Eliminer le mariage des enfants : notre engagement

LONDRES – Alors que le sommet consacré au suivi des objectifs du Millénaire pour le développement se poursuit à New York,  une attention particulière est tout naturellement accordée aux domaines où les progrès ont été les plus décevants. L’objectif d’améliorer la santé maternelle, loin d’être atteint dans  les pays les plus pauvres, est au nombre de ces domaines prioritaires.

Les discussions portent largement sur les engagements pris par les pays riches pour augmenter les aides internationales, et sur l’efficacité de l’utilisation de ces ressources par les gouvernements des pays en développement. Malheureusement, le mariage des enfants, et les conséquences désastreuses de cette pratique sur la santé de millions de femmes et de jeunes filles, ne sont pas au cour des débats.

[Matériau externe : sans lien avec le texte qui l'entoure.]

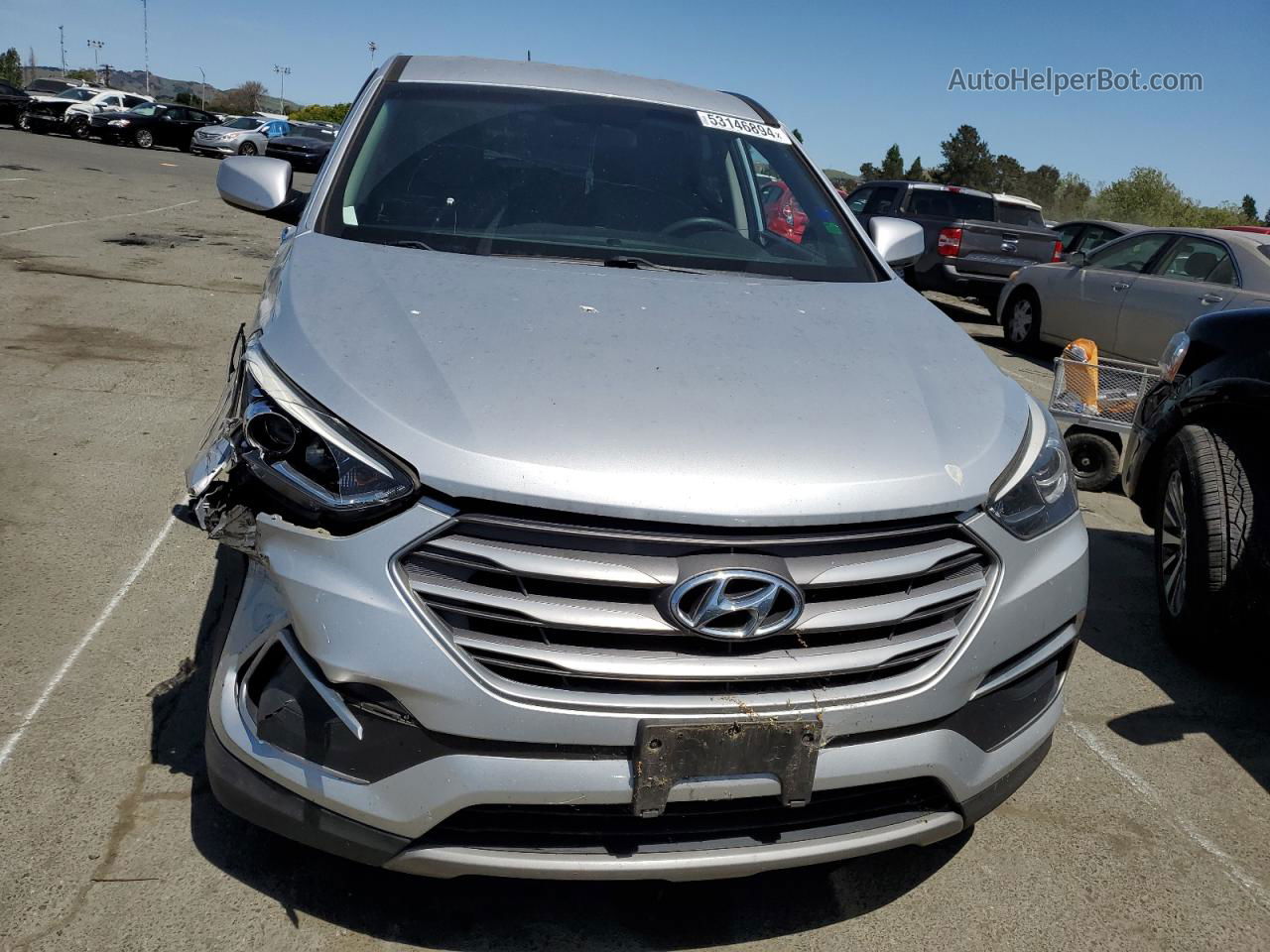 2018 Hyundai Santa Fe Sport  Silver vin: 5XYZTDLB7JG527970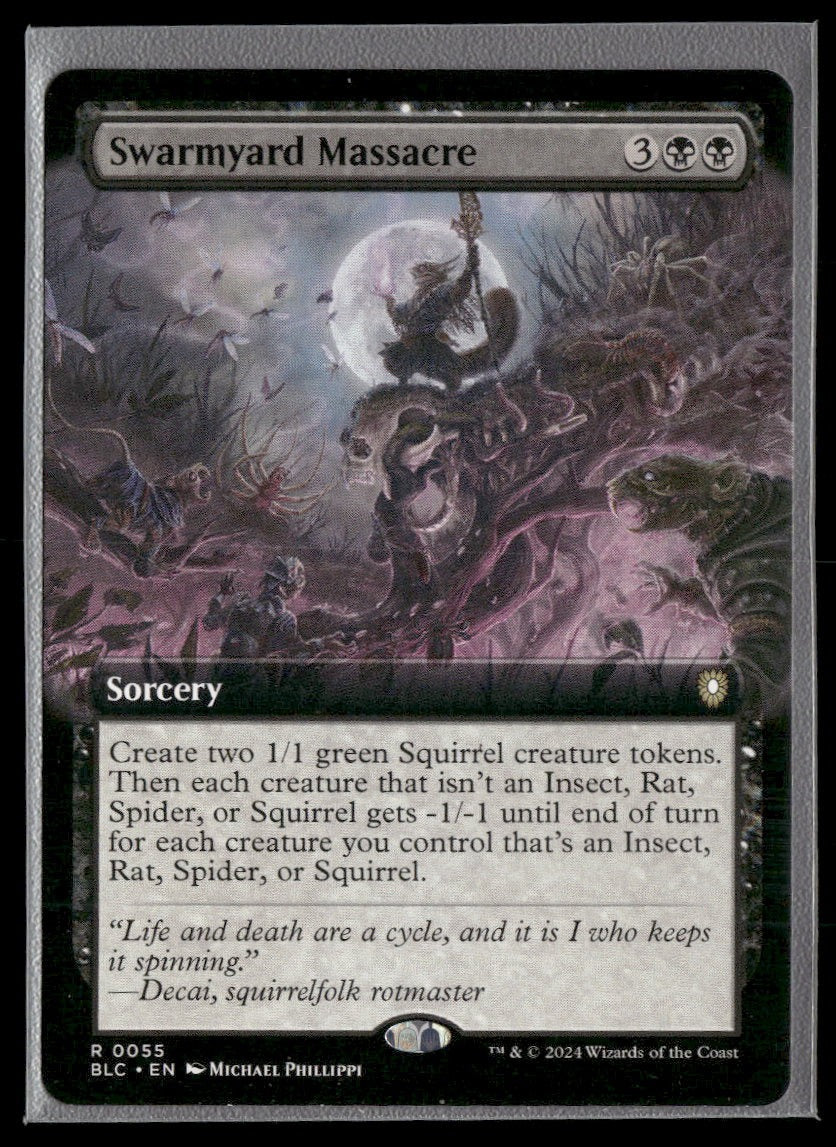 Commander: Bloomburrow Swarmyard Massacre (Extended Art) #55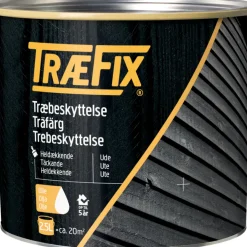 Träfärg Svart 2,5 L Træfix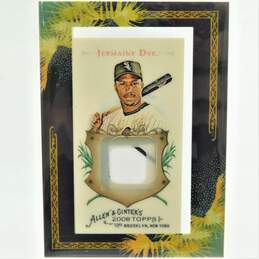 2008 Jermaine Dye Topps Allen & Ginter Framed Mini-Relics Chicago White Sox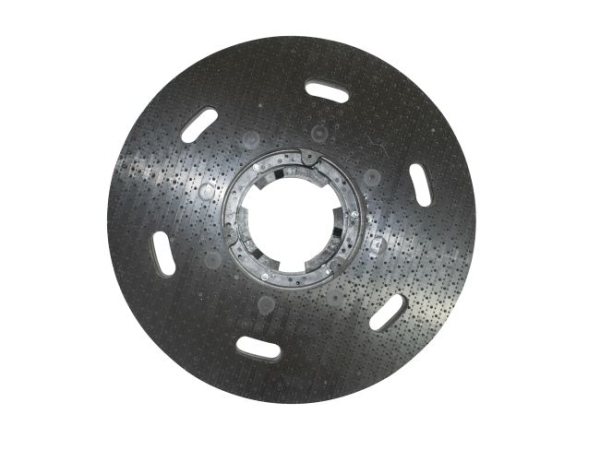 Treibteller mit DOM für Pads bis 430 mm Vollhaftbelag schwarz mit Moosgummi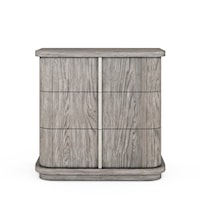 Contemporary 3-Drawer Bedside Chest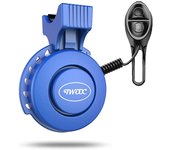 Bicicleta Eléctrica Bell USB Recargable Bocina Campana 120 dB de Fuerte Accesorios de bocina de para Ciclismo de Montaña y Bicicletas de Carretera (Azul)
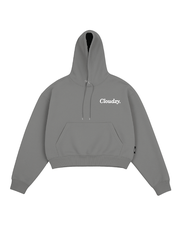 Áo hoodie boxy local brand CLOUDZY nỉ có mũ form thụng cao cấp in logo chữ ký áo khoác nỉ thời trang đường phố HD CORE
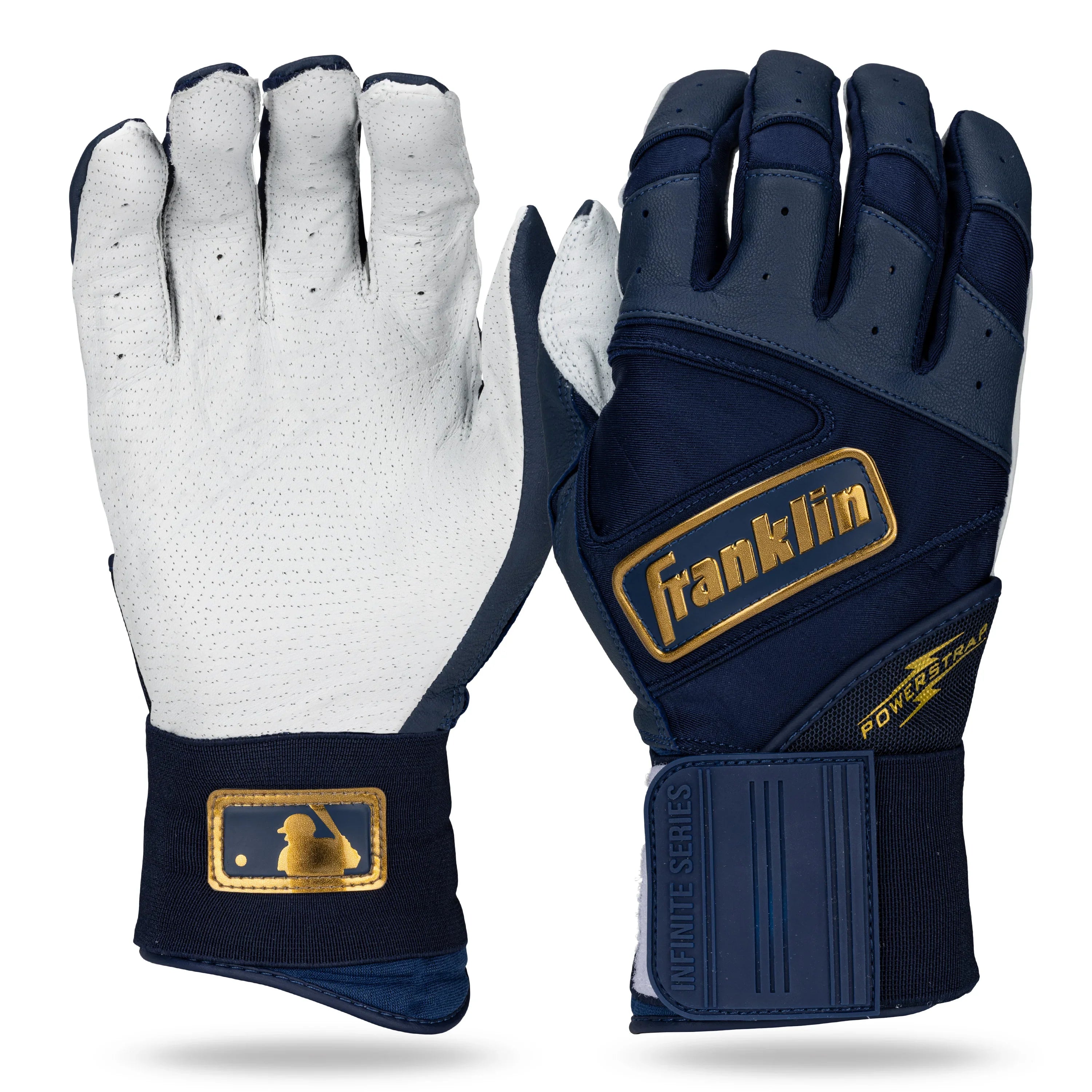 Franklin Powerstrap Infinite Series Batting Gloves for Baseball & Softball - Senior Size (2025) - Perfect for Training, Games & Practice Sessions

Il ne fait pourtant aucun doute que le mariage des jeunes filles a considérablement entravé la réalisation de six des huit objectifs du Millénaire pour le développement. Nos espoirs de réduire la mortalité infantile et maternelle, de combattre le VIH/Sida et de parvenir à l’éducation primaire pour tous – et par là même, nos ambitions de réduire l’extrême pauvreté et de promouvoir l’égalité entre les hommes et les femmes, se heurtent au fait que dans les pays en développement, une fille sur sept est mariée avant d’avoir atteint l’âge de 15 ans – un sort majoritairement réservé aux filles.